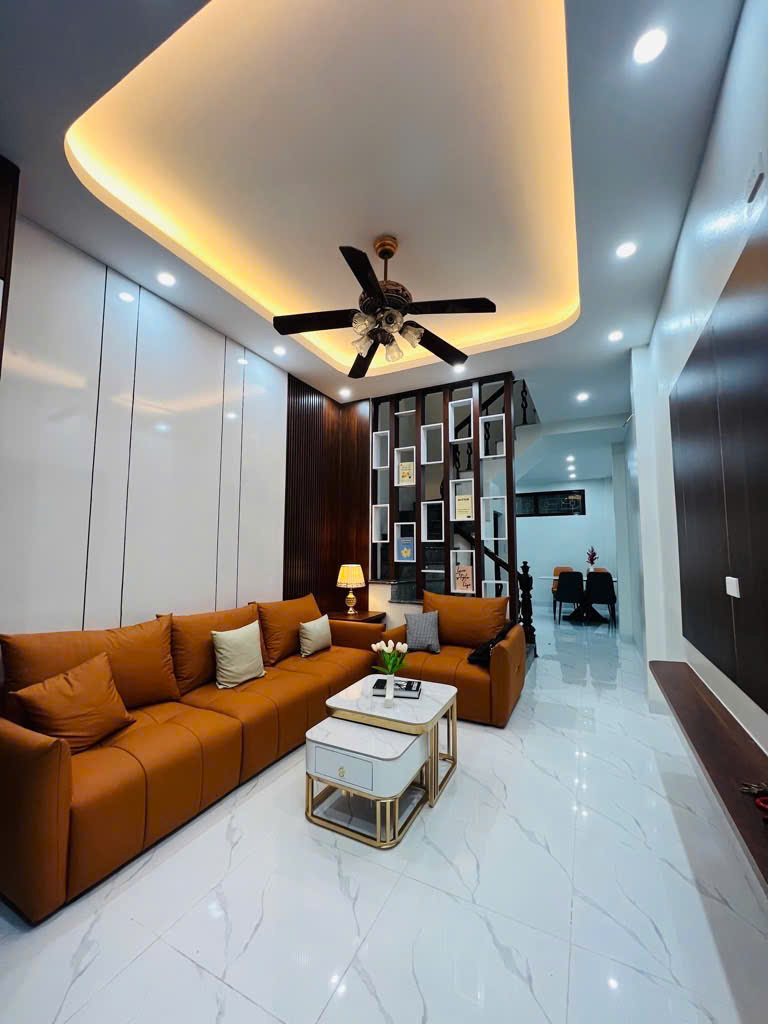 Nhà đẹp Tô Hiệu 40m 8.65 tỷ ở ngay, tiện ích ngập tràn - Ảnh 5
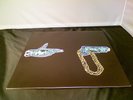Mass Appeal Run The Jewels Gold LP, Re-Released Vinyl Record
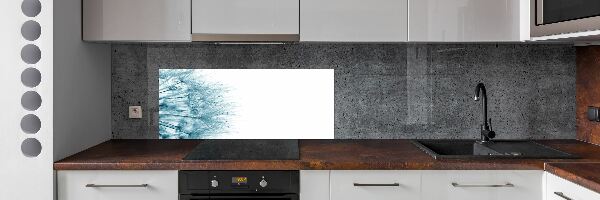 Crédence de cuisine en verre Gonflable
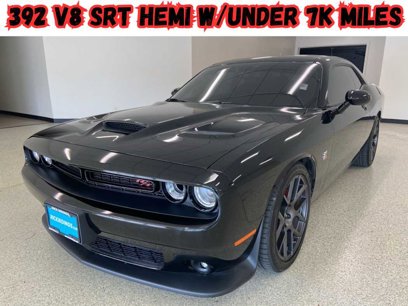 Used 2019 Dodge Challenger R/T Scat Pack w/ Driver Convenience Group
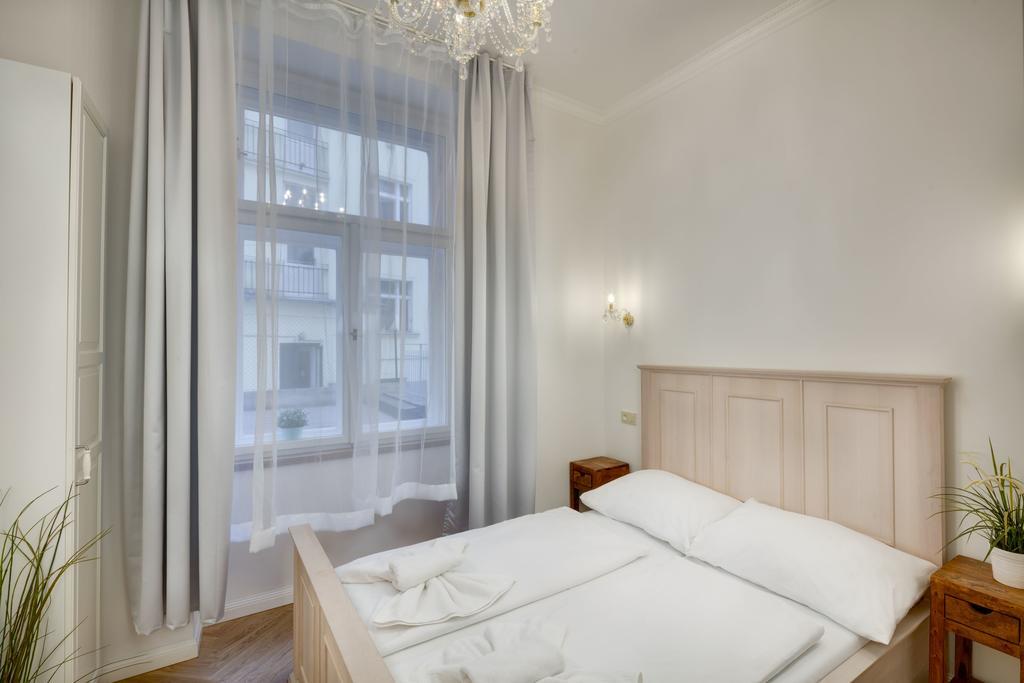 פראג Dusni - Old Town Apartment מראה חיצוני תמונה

EXERCISE DIRECTIONS:
Once you reach the line containing "Mass Appeal Run", print it and every line after it exactly, through the end of the entries, without any pictures.

ANSWER TO THIS EXERCISE:
Mass Appeal Run The Jewels Gold LP, Re-Released Vinyl Record
 Crédence de cuisine en verre Gonflable
 Used 2019 Dodge Challenger R/T Scat Pack w/ Driver Convenience Group
 פראג Dusni - Old Town Apartment מראה חיצוני תמונה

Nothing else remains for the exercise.